SOURCE INFORMATION »
-=-=-=-=-
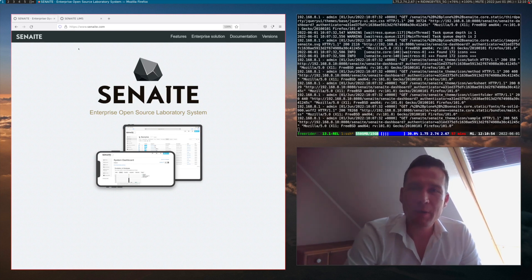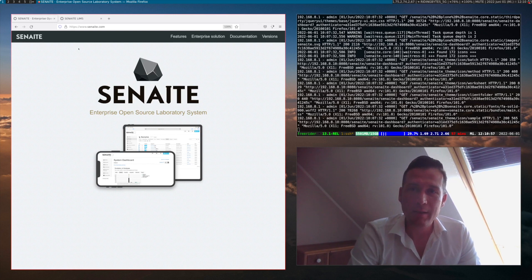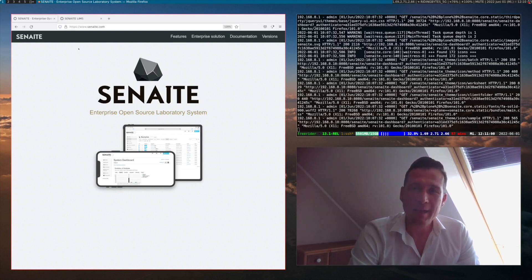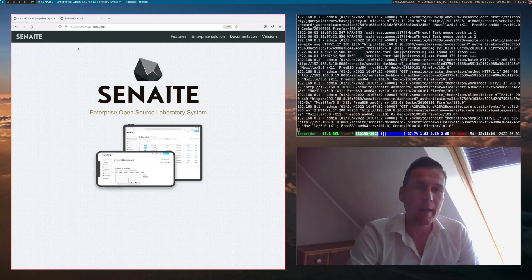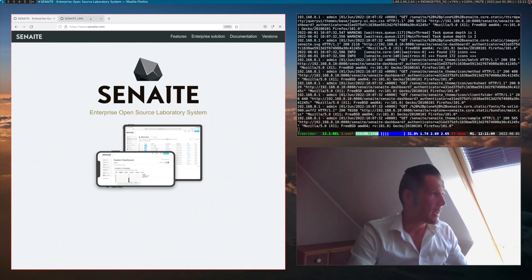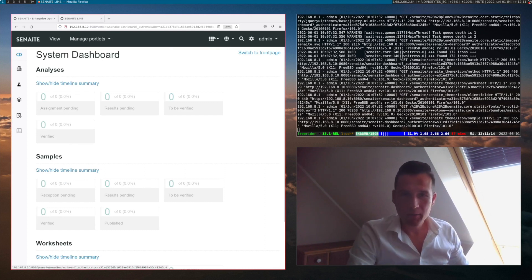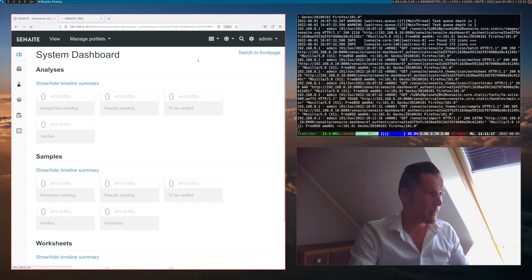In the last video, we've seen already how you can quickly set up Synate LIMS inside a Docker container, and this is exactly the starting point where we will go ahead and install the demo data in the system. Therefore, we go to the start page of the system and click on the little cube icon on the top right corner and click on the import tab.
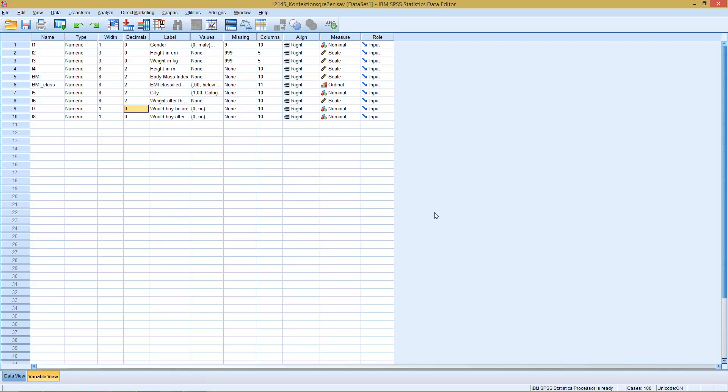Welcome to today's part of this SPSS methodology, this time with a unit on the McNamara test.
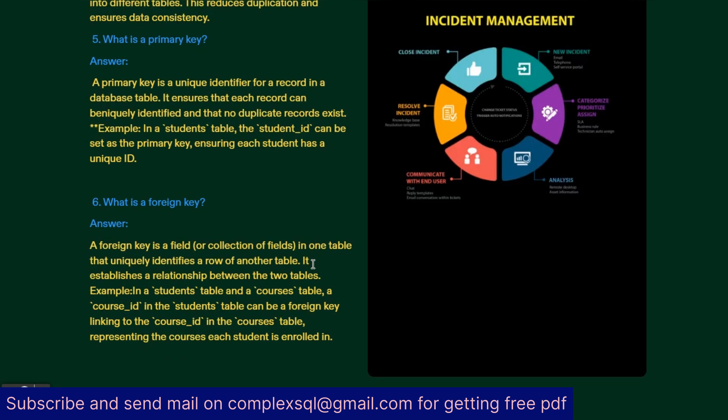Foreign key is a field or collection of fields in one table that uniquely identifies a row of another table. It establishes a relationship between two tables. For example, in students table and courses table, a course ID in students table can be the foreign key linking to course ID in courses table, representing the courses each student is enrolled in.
-=-=-=-=-
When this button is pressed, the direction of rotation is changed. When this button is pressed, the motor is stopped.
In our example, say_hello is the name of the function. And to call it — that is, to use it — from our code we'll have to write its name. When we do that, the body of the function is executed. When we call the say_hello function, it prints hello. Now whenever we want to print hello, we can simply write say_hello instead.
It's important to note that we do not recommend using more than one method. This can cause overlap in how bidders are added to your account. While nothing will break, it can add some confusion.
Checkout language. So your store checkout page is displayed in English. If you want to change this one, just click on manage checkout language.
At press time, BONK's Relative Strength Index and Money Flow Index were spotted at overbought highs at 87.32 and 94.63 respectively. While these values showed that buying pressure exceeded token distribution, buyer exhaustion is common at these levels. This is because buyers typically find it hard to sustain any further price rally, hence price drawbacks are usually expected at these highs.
-=-=-=-=-
Using the material above, transcribe exactly the lines from the line with "When this button is pressed, the direction" to the line with "At press time, BONK's"; both count, and nothing else goes in.

COMPLETED TASK »
When this button is pressed, the direction of rotation is changed. When this button is pressed, the motor is stopped.
In our example, say_hello is the name of the function. And to call it — that is, to use it — from our code we'll have to write its name. When we do that, the body of the function is executed. When we call the say_hello function, it prints hello. Now whenever we want to print hello, we can simply write say_hello instead.
It's important to note that we do not recommend using more than one method. This can cause overlap in how bidders are added to your account. While nothing will break, it can add some confusion.
Checkout language. So your store checkout page is displayed in English. If you want to change this one, just click on manage checkout language.
At press time, BONK's Relative Strength Index and Money Flow Index were spotted at overbought highs at 87.32 and 94.63 respectively. While these values showed that buying pressure exceeded token distribution, buyer exhaustion is common at these levels. This is because buyers typically find it hard to sustain any further price rally, hence price drawbacks are usually expected at these highs.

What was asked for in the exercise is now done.